Additionally, he oversees a Chicano cinema and media art DVD series and directs one of the most active academic presses in the California university system. Oh, and he’s wrapping up a book-length study of Puerto Rican multimedia artist Raphael Montañez Ortiz.

“We’ve gone from a point 40 years ago where the center represented a minority population in L.A., and now it’s representing the majority population that continues to have disproportionately low levels of access to higher education and yet is the future of the state and of the nation,” says Noriega, a Stanford University PhD.

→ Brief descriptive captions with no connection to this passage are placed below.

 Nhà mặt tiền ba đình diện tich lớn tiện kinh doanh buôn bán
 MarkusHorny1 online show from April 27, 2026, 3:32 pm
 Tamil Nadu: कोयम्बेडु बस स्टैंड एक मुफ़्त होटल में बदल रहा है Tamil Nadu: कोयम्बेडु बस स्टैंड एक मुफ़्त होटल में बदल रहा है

But that’s only the start of the activities that keep Noriega’s eyes wide open in the wee small hours. In recent years he has become one of the country’s most active curators of Latino and Chicano visual art, collaborating on well received shows at the Los Angeles County Museum of Art and other venues. He has drawn attention not only to art that hangs in museums and gets hashed over in scholarly tomes but also art that pops up on the walls of Boyle Heights restaurants, below freeway underpasses and in other non-institutionally hallowed spaces.

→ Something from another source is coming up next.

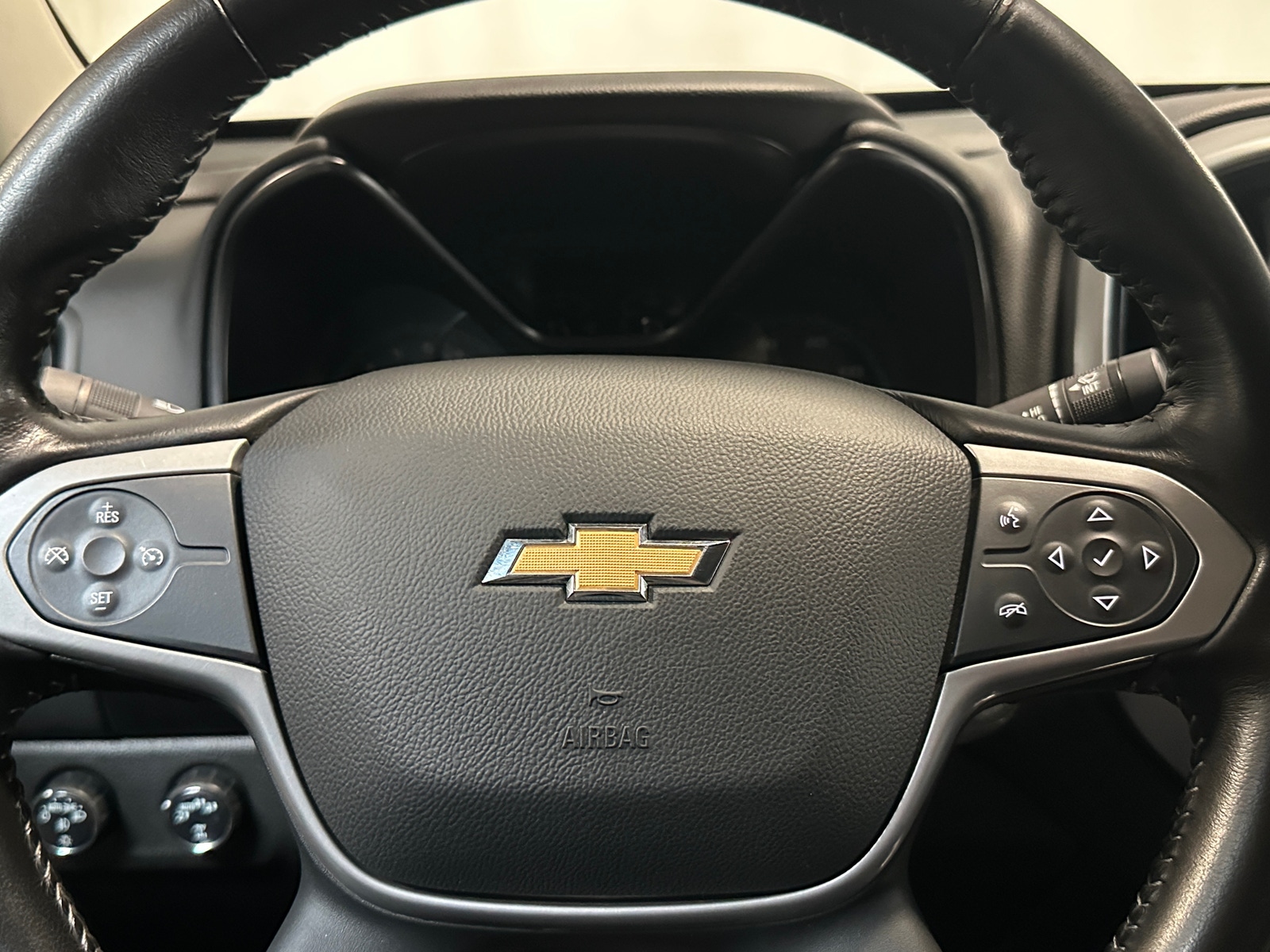 Thumbnail: 2020 Chevrolet Colorado - 5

“You won’t find a better booster for Chicano art,” says Abel Salas, editor and publisher of Brooklyn & Boyle, a Latino-centric L.A. arts journal. “He’s almost single-handedly made it into a legitimate discipline or area of study, through the academic legitimization but also through his work in the community and uncovering some of the roots and showing how those are precedents for what’s happening today.”

As adjunct curator of Latino and Chicano Art at the Los Angeles County Museum of Art, Noriega joined LACMA curators Rita Gonzalez and Howard Fox in mounting the museum’s 2008 exhibition “Phantom Sightings: Art After the Chicano Movement,”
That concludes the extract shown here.